DATA PROVIDED:
┄┄┄┄┄┄

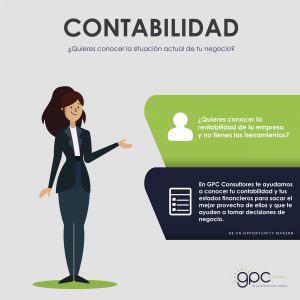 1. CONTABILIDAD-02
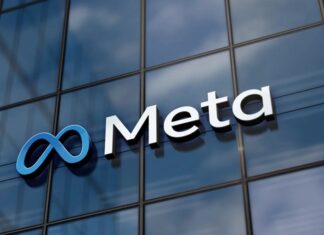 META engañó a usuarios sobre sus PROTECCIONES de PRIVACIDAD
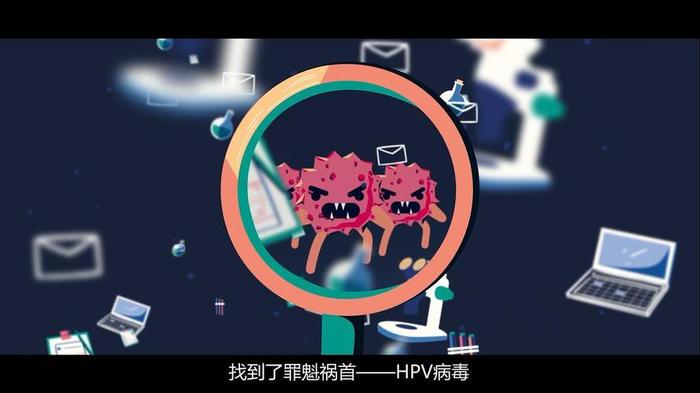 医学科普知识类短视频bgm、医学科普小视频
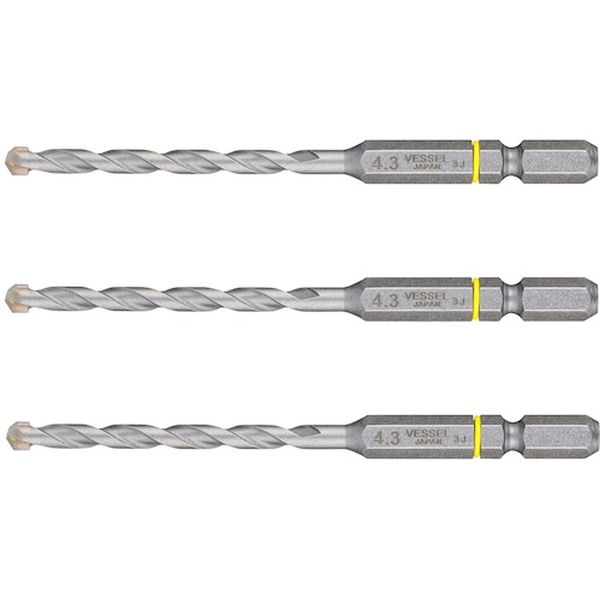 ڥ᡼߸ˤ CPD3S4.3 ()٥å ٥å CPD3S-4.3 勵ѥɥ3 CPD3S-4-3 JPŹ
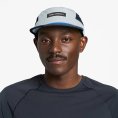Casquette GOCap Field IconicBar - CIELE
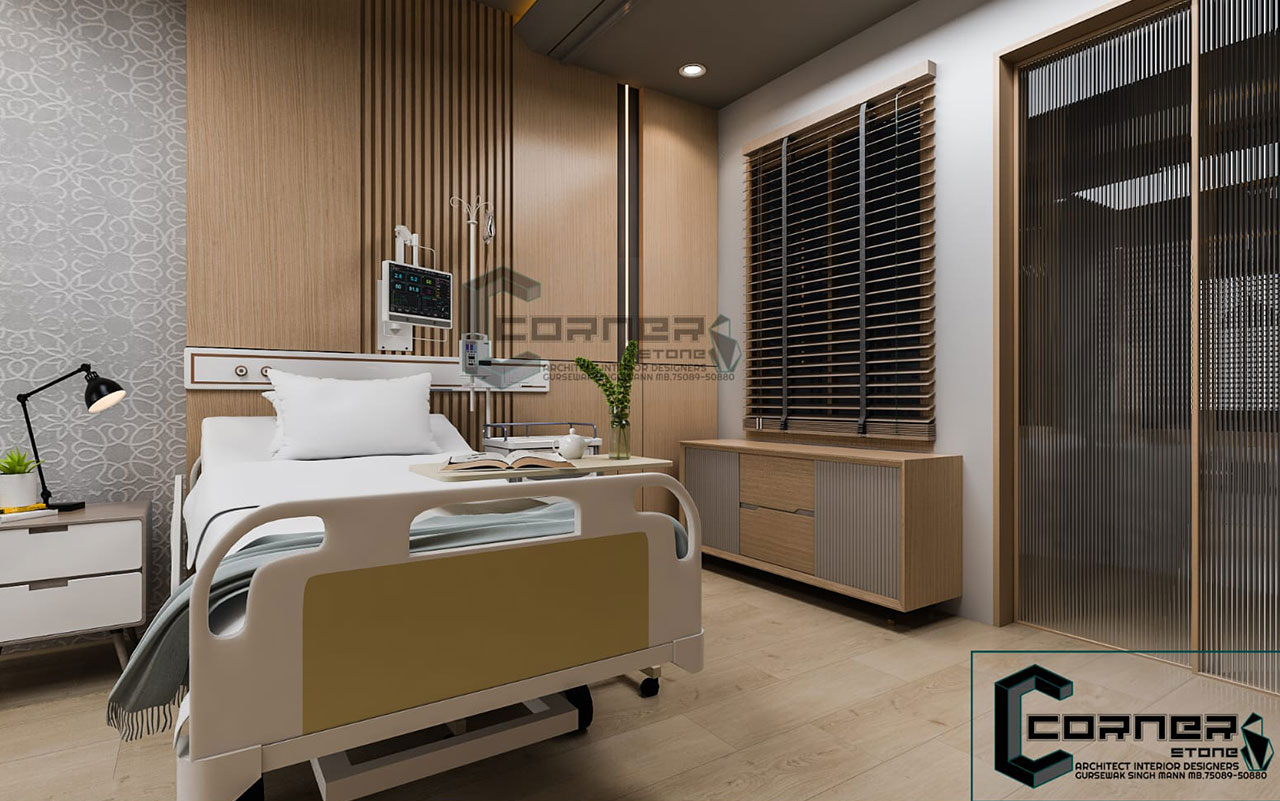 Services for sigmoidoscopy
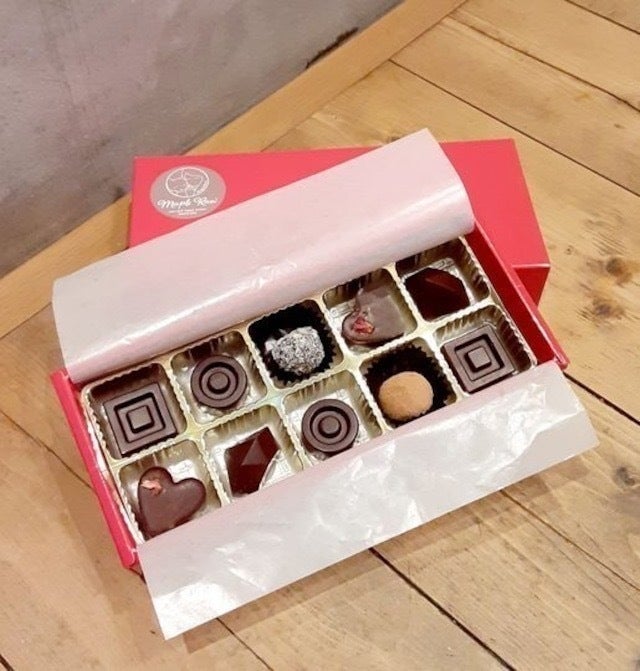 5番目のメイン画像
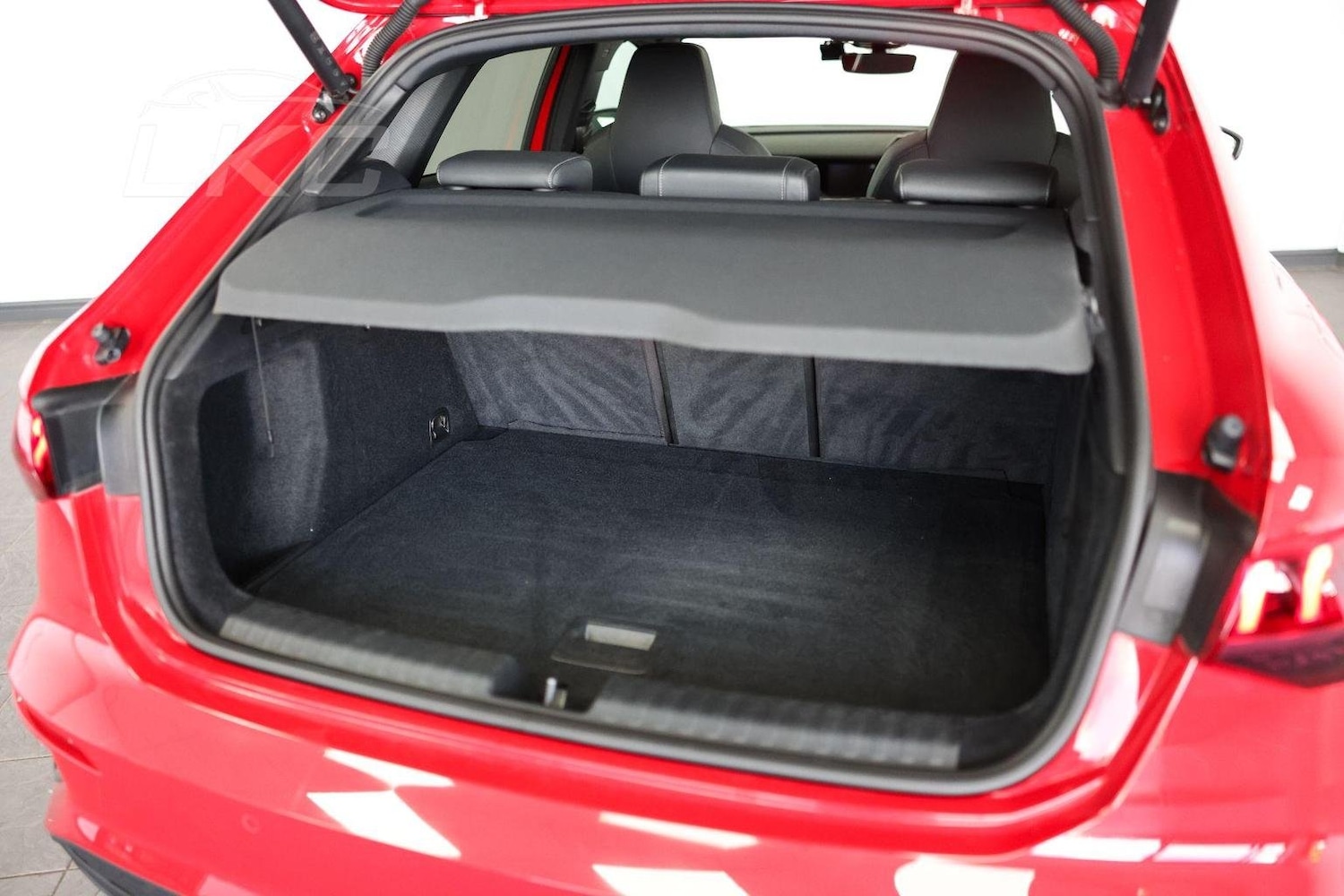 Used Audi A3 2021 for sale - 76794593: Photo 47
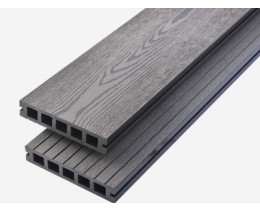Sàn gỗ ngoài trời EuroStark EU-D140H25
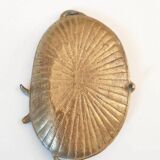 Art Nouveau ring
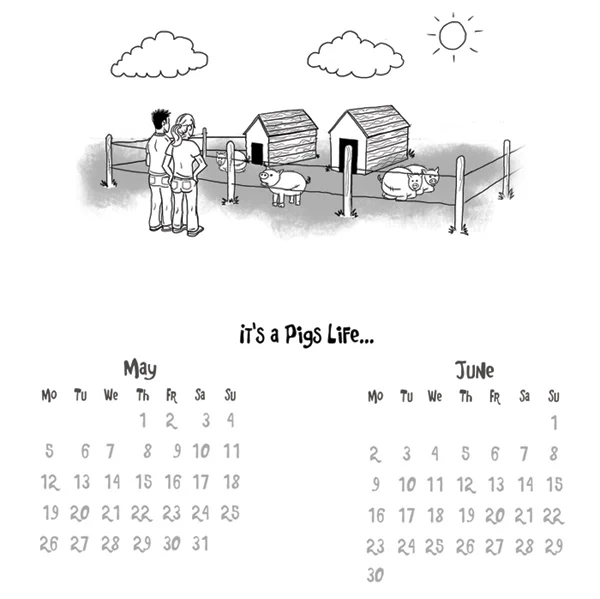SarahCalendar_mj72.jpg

┄┄┄┄┄┄

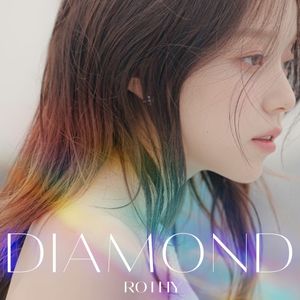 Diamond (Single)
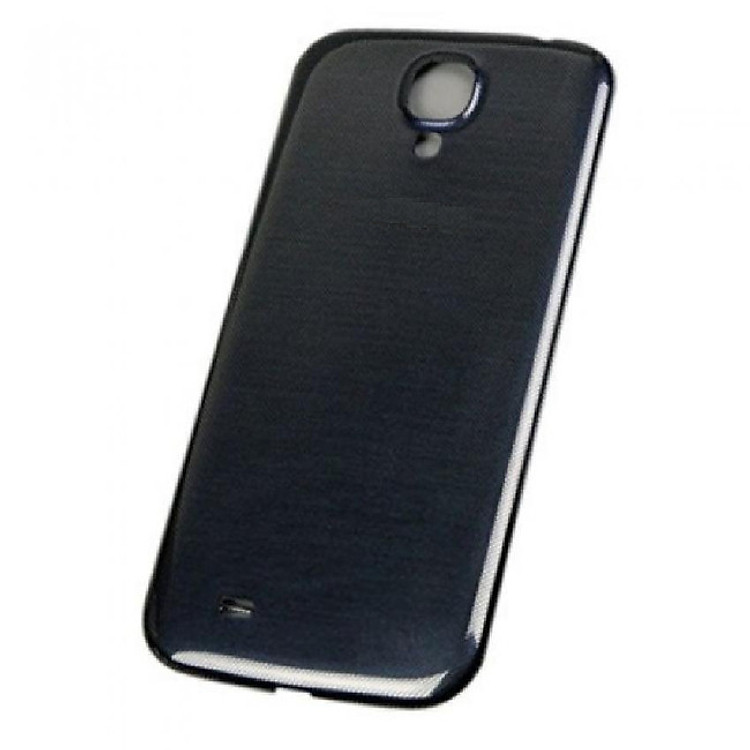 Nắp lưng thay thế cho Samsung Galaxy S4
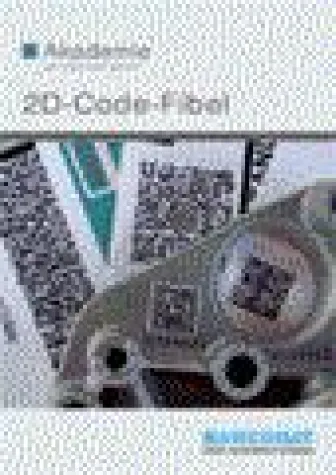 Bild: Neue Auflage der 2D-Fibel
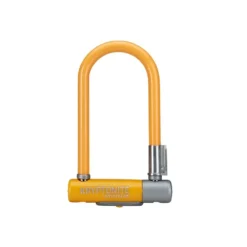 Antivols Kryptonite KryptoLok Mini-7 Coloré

┄┄┄┄┄┄

WHAT THE TASK REQUIRES: Extract, without any images, the part of the material above that opens with the line containing "Bild: Neue Auflage der 2D-Fibel" and closes with the line containing "Antivols Kryptonite KryptoLok Mini-7 Coloré", both lines included.

THE COMPLETED TASK:
 Bild: Neue Auflage der 2D-Fibel
 Antivols Kryptonite KryptoLok Mini-7 Coloré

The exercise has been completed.